**INPUT DATA**
===============

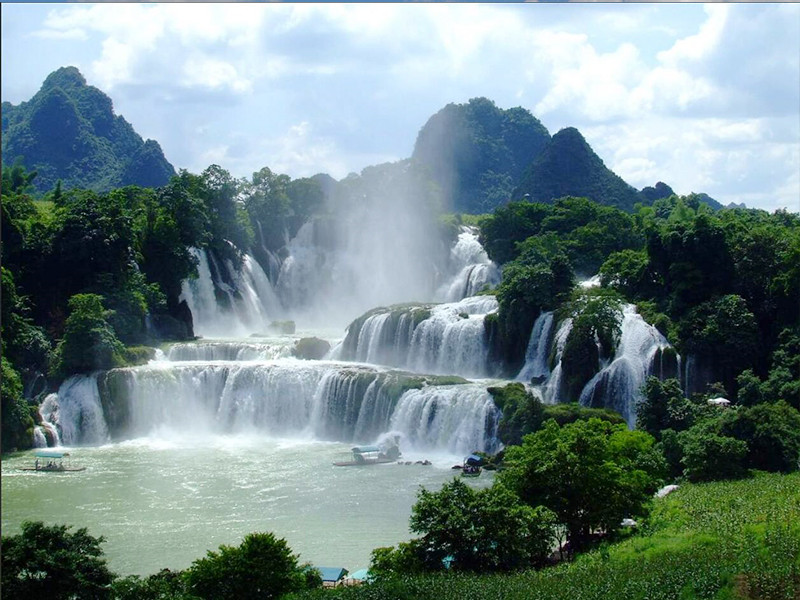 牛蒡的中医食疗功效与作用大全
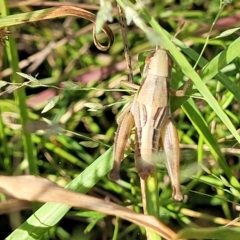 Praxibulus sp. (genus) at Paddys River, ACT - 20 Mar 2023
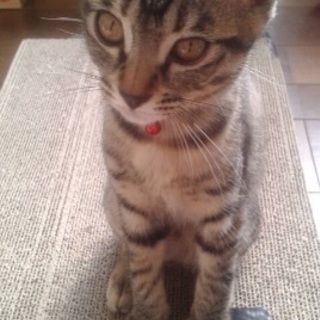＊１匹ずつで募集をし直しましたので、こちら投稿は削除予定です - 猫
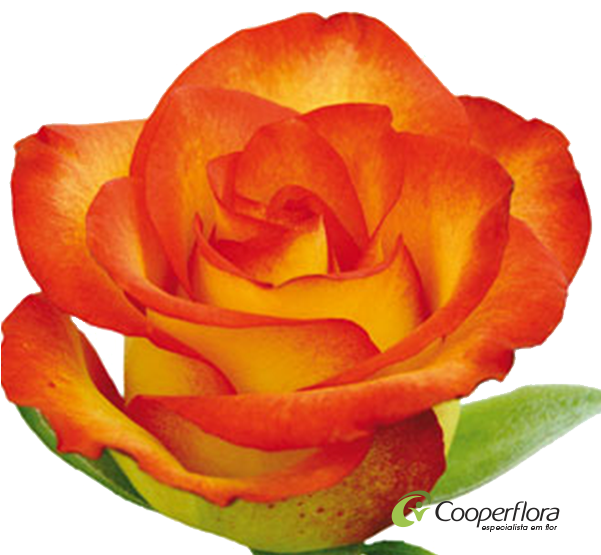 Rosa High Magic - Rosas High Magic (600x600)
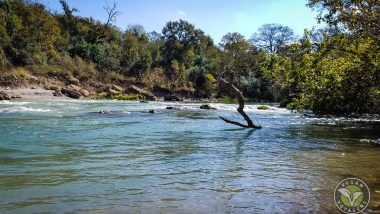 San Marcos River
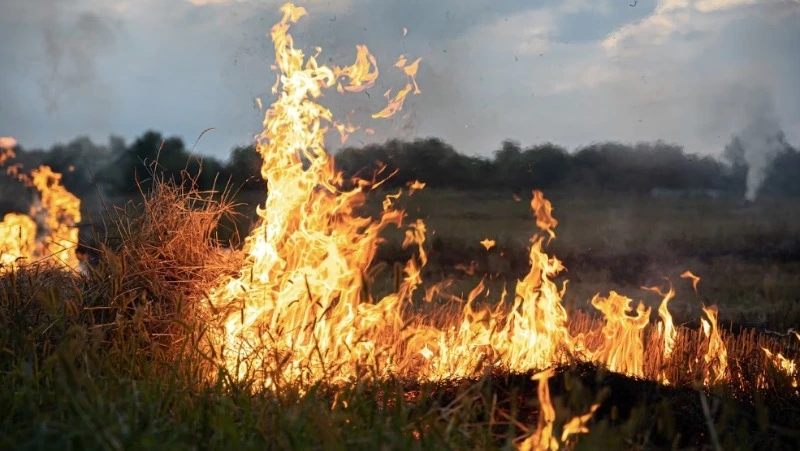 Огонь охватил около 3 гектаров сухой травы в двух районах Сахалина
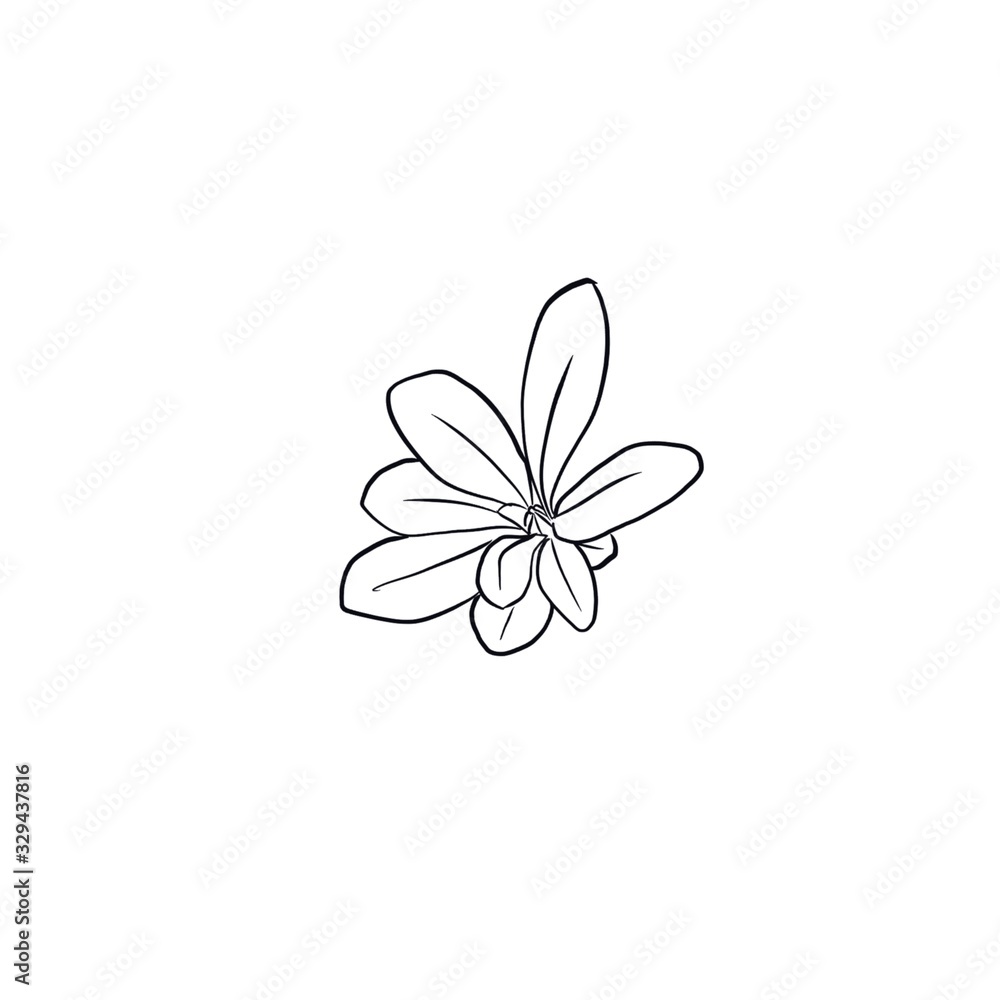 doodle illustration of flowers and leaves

===============

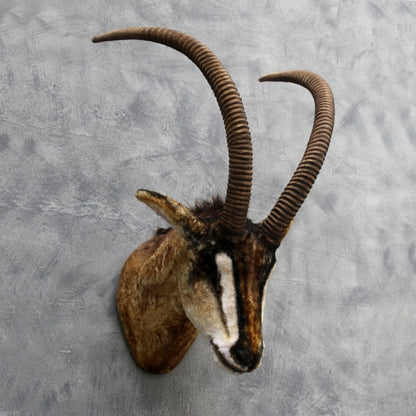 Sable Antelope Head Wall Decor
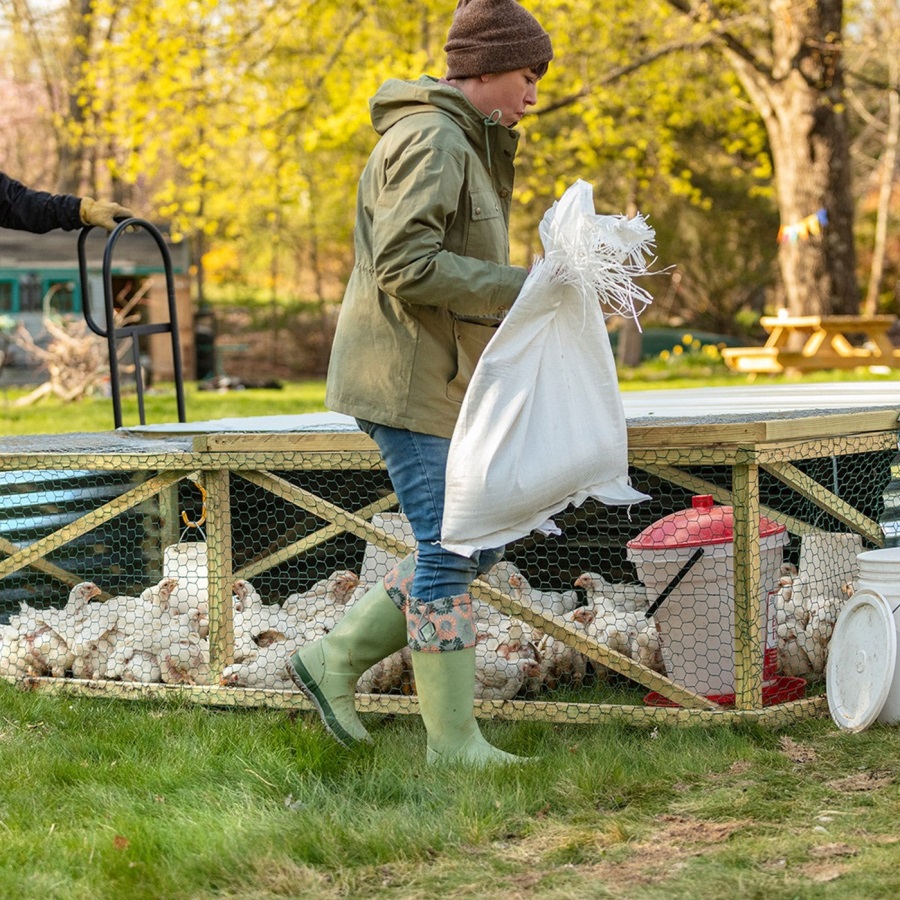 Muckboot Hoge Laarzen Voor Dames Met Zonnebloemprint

===============

**EXERCISE**
Going by the data above, the answer is exactly the lines from the one holding "牛蒡的中医食疗功效与作用大全" to the one holding "doodle illustration of flowers and leaves", both kept, with the pictures left out.

**EXERCISE RESPONSE**
 牛蒡的中医食疗功效与作用大全
 Praxibulus sp. (genus) at Paddys River, ACT - 20 Mar 2023
＊１匹ずつで募集をし直しましたので、こちら投稿は削除予定です - 猫
 Rosa High Magic - Rosas High Magic (600x600)
 San Marcos River
 Огонь охватил около 3 гектаров сухой травы в двух районах Сахалина
 doodle illustration of flowers and leaves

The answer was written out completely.